When we analyze deals, we typically calculate multiples of revenue, OIBDA and connections, which give us an apples to apples comparison of different deals.  For example, during 2010, buyers paid an average of 2.8x revenue and $2,060 per connection. Any deal multiples coming in significantly different than the averages indicates we should take a look to see if something else is going on with the target property.  In 2009 and 2008, the average multiples were 2.1x and 2.7x revenue and $1,650 and $3,193 per connection, respectively. So clearly there was a downward trend from 2008 to 2009, but 2010 multiples indicated values were perhaps on the rebound. And 2011?
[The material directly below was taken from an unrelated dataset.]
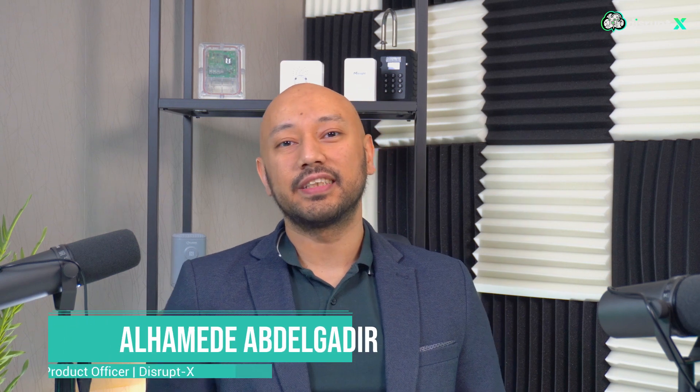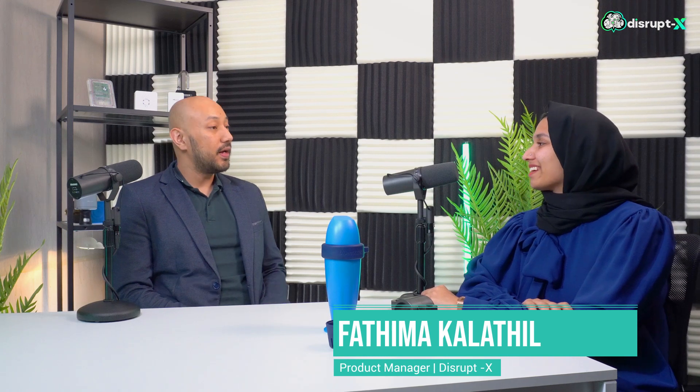Hello and welcome to episode 6 of IoT Unbox. Today we'll be talking about smart water quality monitoring, specifically for swimming pools and water tanks. For that, I have Miss Fatima joining us today. Thank you very much for being with us, Miss Fatima. Thank you so much for having me here.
Because only one of the six announced deals during 2011 disclosed the price – Otelco agreed to pay $4.5m to acquire Shoreham Telephone – we’re unable to calculate the multiples implied by the other five observed deals.  Based on Shoreham’s 2010 revenue of approximately $2.4m and 4,975 access line equivalents, Otelco paid 1.9x revenue and $905 per connection for Shoreham Telephone.  Based on this data point, it appears values have fallen precipitously since 2010.  Without any other 2011 deal multiples it’s difficult to know where in the range these multiples fall, from average to outlier. Nevertheless, this is a deal values article, and it’s important to look at the few data points available to estimate what has happened to deal values over the last year, and what to expect in the future. 

A second data point for us to analyze is Consolidated Communications’ recently announced deal to acquire SureWest. Announced on February 6, 2012, Consolidated will pay 2.2x revenue and $1,548 per connection for SureWest. These multiples are higher than the Shoreham/ Otelco deal, but still down from 2010 multiples.  Based on these two deals, one announced in 2011 and one in 2012, we could infer a couple of different trends.  It’s possible that deal values have hit their lows, and are just bouncing along the bottom.  Or, more likely, we are starting to see a greater divergence between the values of large and small properties.  Large companies such as SureWest can command a premium because of the scale and diversity of operations.  Generally speaking, smaller companies with fewer connections and less diverse operations have more difficulty adapting to the changing telecommunications industry, and values suffer as a result.  Nevertheless, in the past, industry averages that included large public companies provided a reasonable benchmark against which we could compare smaller transactions.  This may no longer be the case. 

It used to be the case that a buyer would pay more than $3,100 per connection, as each connection provided for a relatively stable recurring revenue stream.  And historically, there was little competition for rural ILECs.  These were the glory days, and for a while it seemed they would last forever.  But all that has begun to change.  Access lines have declined in recent years as customers switch to wireless and VoIP.  If the connection multiple for the SureWest acquisition is any indication, buyers are only willing to pay about half of what they would have paid a few years ago for each connection (less than a third if the Shoreham multiple is the new norm), and if connections are falling….well, you get the idea.  Generally speaking, this doesn’t bode well for the value owners of ILECs can realize through sales of their companies.  Additionally, although there is far more certainty surrounding ICC/USF reform now that the NPRM has been released, future USF funding will be targeted more towards expanding broadband and wireless services to unserved areas.  Of course many ILECs already provide other services, be it Internet, video, or wireless, and those that can refocus investment on new revenue streams and maintain some level of high cost support may well see a resurgence in value.